***** Material for this task *****

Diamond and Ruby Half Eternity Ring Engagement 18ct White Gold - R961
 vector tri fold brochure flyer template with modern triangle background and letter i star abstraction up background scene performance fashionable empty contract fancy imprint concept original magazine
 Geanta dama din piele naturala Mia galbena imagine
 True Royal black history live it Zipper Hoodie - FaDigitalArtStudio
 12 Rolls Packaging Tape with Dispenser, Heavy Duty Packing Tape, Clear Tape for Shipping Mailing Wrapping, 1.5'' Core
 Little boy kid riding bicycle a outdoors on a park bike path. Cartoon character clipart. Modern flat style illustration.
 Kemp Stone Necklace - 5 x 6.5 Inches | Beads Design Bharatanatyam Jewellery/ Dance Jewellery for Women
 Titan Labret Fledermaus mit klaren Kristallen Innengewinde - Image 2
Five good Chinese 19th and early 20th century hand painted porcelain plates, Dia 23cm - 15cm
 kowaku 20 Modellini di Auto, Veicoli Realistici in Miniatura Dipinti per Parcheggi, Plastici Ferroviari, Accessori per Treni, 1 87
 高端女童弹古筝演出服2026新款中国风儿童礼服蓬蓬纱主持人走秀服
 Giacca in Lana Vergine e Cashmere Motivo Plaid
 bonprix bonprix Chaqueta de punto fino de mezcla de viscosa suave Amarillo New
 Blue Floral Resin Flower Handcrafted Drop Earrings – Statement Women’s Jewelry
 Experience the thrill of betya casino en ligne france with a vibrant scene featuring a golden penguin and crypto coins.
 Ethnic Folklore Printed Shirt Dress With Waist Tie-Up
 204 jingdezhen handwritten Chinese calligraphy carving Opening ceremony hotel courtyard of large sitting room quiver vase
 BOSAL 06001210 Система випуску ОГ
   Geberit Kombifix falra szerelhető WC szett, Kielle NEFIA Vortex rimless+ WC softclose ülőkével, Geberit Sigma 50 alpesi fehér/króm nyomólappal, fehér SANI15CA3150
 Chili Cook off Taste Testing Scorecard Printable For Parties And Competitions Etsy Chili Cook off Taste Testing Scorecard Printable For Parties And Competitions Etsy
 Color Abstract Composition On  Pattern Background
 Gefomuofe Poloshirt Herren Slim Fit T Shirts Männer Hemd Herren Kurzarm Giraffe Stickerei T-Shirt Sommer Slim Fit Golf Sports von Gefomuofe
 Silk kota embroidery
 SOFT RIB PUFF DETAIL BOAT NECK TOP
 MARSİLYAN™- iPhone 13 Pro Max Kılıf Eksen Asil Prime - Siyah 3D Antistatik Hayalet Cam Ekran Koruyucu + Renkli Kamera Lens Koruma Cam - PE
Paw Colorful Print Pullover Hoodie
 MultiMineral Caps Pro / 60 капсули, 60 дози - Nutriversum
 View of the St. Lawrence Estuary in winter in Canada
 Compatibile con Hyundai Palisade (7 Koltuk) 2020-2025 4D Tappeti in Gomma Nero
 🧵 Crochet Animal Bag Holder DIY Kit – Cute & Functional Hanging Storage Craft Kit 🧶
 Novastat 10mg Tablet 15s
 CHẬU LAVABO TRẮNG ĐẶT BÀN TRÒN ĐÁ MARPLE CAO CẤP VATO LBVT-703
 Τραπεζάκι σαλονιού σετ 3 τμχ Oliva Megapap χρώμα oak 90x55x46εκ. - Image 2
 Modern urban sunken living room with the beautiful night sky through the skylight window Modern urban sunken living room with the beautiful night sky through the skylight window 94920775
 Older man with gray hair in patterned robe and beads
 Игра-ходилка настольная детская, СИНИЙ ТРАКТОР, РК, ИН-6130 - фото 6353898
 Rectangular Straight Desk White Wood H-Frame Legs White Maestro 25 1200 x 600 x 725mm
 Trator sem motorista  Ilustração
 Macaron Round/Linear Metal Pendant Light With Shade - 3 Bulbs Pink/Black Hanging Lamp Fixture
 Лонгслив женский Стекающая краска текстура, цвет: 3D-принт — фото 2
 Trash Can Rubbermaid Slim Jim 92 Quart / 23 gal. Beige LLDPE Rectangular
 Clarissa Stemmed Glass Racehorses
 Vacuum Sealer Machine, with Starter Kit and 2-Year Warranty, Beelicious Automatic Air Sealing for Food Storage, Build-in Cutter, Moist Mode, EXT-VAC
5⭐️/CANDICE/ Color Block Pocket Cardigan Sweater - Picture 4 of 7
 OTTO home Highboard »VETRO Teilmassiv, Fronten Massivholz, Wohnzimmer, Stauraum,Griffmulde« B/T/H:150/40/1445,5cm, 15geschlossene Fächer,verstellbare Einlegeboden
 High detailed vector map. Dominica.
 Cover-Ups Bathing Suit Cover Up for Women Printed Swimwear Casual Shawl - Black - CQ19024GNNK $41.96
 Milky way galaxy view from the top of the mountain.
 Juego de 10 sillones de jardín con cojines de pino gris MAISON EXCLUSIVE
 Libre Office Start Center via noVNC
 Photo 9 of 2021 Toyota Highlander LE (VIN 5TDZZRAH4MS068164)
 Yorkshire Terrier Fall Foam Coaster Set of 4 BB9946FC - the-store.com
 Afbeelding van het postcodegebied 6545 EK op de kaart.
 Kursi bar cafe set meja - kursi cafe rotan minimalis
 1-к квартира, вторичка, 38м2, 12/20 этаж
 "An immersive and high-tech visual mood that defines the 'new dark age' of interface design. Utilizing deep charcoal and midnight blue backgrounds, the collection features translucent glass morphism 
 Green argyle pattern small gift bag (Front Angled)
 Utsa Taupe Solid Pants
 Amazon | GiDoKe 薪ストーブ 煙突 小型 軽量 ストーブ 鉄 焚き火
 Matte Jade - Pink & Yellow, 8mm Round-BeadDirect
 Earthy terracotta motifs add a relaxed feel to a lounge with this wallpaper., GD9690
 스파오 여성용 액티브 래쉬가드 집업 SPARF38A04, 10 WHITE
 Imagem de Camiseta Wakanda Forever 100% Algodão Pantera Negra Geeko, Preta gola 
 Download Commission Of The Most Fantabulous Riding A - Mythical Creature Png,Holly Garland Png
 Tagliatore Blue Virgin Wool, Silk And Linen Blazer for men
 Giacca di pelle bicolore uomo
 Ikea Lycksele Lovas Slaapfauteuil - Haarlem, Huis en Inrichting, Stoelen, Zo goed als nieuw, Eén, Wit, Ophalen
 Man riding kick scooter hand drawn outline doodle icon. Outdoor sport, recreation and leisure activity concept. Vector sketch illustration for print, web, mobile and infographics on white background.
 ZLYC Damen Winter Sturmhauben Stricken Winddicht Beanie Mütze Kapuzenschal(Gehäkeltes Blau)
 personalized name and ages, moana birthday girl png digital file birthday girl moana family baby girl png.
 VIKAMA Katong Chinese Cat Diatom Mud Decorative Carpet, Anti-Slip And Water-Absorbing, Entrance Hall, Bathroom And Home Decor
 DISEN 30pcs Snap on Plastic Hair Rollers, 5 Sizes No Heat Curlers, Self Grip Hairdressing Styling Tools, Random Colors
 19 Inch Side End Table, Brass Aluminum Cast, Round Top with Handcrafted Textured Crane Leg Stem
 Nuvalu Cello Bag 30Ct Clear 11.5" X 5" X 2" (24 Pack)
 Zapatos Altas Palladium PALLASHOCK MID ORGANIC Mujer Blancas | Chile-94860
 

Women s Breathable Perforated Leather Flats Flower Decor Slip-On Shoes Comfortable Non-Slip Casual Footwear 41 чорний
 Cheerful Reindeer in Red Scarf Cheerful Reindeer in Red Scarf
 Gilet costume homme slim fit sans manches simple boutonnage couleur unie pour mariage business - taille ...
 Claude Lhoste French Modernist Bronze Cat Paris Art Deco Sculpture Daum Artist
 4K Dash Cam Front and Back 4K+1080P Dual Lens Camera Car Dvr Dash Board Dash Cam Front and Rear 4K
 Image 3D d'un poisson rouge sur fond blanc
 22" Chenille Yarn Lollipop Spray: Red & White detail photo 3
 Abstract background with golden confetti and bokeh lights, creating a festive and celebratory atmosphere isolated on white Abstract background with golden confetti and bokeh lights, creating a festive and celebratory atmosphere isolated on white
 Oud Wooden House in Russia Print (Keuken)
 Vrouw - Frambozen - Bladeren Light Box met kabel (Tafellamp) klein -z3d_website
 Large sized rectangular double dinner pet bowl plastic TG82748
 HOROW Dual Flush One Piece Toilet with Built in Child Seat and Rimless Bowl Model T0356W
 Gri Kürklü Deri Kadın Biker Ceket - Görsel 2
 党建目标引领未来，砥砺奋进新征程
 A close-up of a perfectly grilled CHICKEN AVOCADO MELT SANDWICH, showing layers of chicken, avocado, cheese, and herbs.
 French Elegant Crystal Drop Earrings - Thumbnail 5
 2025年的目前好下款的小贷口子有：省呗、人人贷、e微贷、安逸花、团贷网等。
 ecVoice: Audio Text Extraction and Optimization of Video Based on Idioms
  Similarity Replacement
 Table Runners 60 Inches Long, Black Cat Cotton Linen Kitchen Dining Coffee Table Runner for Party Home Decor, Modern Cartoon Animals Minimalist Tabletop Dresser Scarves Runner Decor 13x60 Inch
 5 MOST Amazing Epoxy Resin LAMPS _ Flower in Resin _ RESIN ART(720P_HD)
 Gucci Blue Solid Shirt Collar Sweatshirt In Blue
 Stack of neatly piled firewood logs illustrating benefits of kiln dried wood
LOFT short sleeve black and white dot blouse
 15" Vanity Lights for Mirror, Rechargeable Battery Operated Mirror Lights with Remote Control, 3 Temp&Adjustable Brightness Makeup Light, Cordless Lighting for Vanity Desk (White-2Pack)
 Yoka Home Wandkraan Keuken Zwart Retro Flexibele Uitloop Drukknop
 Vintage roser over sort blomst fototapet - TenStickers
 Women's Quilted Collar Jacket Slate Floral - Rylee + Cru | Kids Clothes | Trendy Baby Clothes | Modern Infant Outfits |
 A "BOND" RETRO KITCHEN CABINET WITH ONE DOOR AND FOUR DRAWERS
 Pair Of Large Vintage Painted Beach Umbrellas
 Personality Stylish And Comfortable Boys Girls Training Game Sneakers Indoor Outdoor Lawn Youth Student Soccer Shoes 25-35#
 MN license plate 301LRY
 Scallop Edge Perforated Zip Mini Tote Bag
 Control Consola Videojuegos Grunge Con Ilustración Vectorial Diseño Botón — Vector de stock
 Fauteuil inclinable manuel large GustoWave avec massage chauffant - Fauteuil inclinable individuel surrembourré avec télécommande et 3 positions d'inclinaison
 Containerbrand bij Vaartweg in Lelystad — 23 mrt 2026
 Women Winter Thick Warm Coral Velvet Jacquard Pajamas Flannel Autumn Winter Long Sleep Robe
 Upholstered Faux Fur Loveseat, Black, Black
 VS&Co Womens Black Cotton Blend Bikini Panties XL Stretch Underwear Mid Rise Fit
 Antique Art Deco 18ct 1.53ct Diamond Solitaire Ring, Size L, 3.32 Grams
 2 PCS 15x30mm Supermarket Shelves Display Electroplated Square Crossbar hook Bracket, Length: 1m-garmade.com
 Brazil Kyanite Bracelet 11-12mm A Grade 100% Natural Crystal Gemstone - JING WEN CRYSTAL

*****

→ **Exercise details**
All that is wanted is an exact copy of the lines above from the one with "True Royal black" through the one with "Five good Chinese", with both ends included.

→ **Solved exercise**
 True Royal black history live it Zipper Hoodie - FaDigitalArtStudio
 12 Rolls Packaging Tape with Dispenser, Heavy Duty Packing Tape, Clear Tape for Shipping Mailing Wrapping, 1.5'' Core
 Little boy kid riding bicycle a outdoors on a park bike path. Cartoon character clipart. Modern flat style illustration.
 Kemp Stone Necklace - 5 x 6.5 Inches | Beads Design Bharatanatyam Jewellery/ Dance Jewellery for Women
 Titan Labret Fledermaus mit klaren Kristallen Innengewinde - Image 2
Five good Chinese 19th and early 20th century hand painted porcelain plates, Dia 23cm - 15cm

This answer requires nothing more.